Gerekçe-hüküm çelişkisi, 10.04.1992 gün ve 1991/7 esas, 1992/4 karar sayılı İçtihadı Birleştirme Kararına da aykırı olup, salt bu aykırılık bozma sebebidir.
Somut olayda karar gerekçesinde, davacıların 43.437,94 TL’den borçlu olmadıklarının tespitine karar verilmesi gerektiği belirtilmiş; hüküm kısmında ise davacıların bankaya olan borçlarından 33.610,36 TL yönünden borçlu olmadıklarının tespitine denilmiş, bu suretle de gerekçe ile hüküm arasında çelişkiye sebebiyet verilmiştir. Bu duruma göre gerekçe ile hüküm arasında çelişki yaratılması bozmayı gerektirmiştir.
2-Bozma nedenine göre tarafların diğer temyiz itirazlarının incelenmesine şimdilik gerek görülmemiştir.
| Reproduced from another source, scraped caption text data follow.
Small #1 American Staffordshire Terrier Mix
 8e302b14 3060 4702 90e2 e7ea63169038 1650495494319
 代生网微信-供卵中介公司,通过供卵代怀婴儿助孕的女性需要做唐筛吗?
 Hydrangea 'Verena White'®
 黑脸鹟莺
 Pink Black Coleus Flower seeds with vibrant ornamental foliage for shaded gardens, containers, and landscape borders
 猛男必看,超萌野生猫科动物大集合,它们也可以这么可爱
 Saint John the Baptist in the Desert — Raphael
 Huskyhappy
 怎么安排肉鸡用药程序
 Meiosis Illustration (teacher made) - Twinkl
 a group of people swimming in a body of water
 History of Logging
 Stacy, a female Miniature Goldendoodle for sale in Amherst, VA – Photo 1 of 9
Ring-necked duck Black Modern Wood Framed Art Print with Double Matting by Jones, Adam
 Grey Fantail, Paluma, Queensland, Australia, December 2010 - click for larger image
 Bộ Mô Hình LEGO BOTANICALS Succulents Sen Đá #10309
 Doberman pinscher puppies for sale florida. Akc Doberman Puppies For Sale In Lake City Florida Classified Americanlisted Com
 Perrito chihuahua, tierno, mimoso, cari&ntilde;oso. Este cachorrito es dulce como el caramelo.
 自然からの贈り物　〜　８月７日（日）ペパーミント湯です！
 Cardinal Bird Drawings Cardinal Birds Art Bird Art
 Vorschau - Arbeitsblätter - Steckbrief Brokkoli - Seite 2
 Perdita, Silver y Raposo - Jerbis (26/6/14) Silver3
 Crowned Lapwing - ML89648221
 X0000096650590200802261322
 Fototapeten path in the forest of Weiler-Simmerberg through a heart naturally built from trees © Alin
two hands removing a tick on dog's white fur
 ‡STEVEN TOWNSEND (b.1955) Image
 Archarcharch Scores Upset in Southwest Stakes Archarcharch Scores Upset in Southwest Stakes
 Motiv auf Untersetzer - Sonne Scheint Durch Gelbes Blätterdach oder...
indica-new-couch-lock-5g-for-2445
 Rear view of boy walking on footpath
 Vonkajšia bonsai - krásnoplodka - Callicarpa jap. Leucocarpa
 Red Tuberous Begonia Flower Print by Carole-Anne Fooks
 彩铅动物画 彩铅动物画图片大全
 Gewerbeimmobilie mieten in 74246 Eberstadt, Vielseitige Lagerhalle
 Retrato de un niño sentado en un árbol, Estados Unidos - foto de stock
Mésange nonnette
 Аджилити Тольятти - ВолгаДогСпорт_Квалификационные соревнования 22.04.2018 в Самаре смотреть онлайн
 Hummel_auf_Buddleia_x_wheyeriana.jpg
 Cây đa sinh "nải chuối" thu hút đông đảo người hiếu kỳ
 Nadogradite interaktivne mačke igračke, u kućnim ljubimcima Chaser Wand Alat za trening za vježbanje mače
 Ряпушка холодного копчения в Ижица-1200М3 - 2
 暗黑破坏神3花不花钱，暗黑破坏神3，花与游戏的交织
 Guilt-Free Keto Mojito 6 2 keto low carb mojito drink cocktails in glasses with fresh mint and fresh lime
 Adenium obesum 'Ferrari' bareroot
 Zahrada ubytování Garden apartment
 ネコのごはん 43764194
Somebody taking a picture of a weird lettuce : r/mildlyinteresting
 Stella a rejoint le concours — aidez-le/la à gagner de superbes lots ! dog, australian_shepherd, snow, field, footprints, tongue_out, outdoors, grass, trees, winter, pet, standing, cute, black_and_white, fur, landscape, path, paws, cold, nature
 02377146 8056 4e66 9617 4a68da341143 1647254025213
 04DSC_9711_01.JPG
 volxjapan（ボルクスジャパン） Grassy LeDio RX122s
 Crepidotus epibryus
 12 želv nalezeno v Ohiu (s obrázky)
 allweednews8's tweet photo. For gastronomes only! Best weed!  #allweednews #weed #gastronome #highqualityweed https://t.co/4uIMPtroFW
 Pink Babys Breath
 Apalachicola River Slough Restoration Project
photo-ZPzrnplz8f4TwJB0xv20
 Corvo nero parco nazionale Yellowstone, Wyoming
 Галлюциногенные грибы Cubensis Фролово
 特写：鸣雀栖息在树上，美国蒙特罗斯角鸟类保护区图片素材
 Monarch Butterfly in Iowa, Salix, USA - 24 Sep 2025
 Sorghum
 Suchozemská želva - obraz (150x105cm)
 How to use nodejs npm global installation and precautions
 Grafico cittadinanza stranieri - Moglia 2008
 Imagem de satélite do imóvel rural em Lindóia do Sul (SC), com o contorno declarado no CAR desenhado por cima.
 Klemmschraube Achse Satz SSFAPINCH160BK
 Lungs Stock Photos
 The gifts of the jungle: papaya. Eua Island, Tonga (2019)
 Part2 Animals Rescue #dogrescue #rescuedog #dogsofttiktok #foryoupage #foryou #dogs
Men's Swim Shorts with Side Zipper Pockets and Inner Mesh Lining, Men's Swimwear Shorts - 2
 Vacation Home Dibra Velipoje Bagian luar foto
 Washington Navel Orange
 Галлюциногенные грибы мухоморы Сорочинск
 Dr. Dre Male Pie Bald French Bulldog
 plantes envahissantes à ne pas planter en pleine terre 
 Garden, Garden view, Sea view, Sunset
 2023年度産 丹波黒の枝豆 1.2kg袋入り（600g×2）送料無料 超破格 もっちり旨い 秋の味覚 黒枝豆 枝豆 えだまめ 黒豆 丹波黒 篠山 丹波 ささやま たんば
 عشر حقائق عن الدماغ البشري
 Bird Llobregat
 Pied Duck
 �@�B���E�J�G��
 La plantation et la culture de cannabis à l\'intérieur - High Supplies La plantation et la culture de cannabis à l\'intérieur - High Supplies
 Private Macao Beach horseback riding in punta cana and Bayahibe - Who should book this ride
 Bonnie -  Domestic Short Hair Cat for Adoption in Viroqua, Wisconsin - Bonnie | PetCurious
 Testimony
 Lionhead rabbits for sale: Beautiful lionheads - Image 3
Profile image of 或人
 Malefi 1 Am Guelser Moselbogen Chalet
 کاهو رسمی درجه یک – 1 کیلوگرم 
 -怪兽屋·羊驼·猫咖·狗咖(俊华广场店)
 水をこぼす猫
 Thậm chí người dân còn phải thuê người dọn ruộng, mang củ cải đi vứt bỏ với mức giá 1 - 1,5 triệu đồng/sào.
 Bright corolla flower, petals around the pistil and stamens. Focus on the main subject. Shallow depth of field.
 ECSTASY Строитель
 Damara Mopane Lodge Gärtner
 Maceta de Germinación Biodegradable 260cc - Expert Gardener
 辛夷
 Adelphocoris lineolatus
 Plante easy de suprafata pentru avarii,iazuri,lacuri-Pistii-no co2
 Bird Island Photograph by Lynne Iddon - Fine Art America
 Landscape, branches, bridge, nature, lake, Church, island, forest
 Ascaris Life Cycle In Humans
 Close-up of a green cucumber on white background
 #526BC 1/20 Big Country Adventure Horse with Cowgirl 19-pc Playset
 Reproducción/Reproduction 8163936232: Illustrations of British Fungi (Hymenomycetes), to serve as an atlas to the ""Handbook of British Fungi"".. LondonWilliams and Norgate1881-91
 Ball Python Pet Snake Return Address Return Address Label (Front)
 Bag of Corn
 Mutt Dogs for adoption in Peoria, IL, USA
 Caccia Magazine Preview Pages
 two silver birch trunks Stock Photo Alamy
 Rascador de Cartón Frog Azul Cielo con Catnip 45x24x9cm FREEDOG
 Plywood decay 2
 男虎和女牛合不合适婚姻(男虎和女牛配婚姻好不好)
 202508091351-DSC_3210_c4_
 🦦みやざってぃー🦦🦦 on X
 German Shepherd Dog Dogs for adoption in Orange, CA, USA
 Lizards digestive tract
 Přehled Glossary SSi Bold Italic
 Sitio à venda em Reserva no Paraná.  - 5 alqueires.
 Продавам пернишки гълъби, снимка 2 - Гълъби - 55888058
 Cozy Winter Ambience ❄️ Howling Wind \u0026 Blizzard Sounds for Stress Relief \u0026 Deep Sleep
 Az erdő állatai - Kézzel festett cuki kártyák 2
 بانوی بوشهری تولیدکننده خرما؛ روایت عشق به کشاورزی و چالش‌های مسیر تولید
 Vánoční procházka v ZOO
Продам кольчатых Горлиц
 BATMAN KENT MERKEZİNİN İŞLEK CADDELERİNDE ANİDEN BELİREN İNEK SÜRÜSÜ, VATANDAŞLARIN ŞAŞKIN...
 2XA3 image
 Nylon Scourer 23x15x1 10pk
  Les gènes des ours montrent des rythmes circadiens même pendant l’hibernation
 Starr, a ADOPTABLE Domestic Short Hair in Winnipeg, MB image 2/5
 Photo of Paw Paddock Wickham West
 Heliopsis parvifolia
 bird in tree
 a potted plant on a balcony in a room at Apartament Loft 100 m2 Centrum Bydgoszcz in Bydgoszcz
SONUÇ: Yukarıda birinci bentte açıklanan nedenlerle hükmün HUMK" un 428. maddesi gereğince BOZULMASINA, ikinci bentte açıklanan nedenle tarafların diğer temyiz itirazlarının incelenmesine şimdilik yer olmadığına, 6100 sayılı HMK"nun geçici madde 3 atfıyla 1086 sayılı HUMK" un 440.maddesi gereğince kararın tebliğinden itibaren 15 günlük süre içerisinde karar düzeltme yolu açık olmak üzere, 09/11/2020 tarihinde oy birliği ile karar verildi.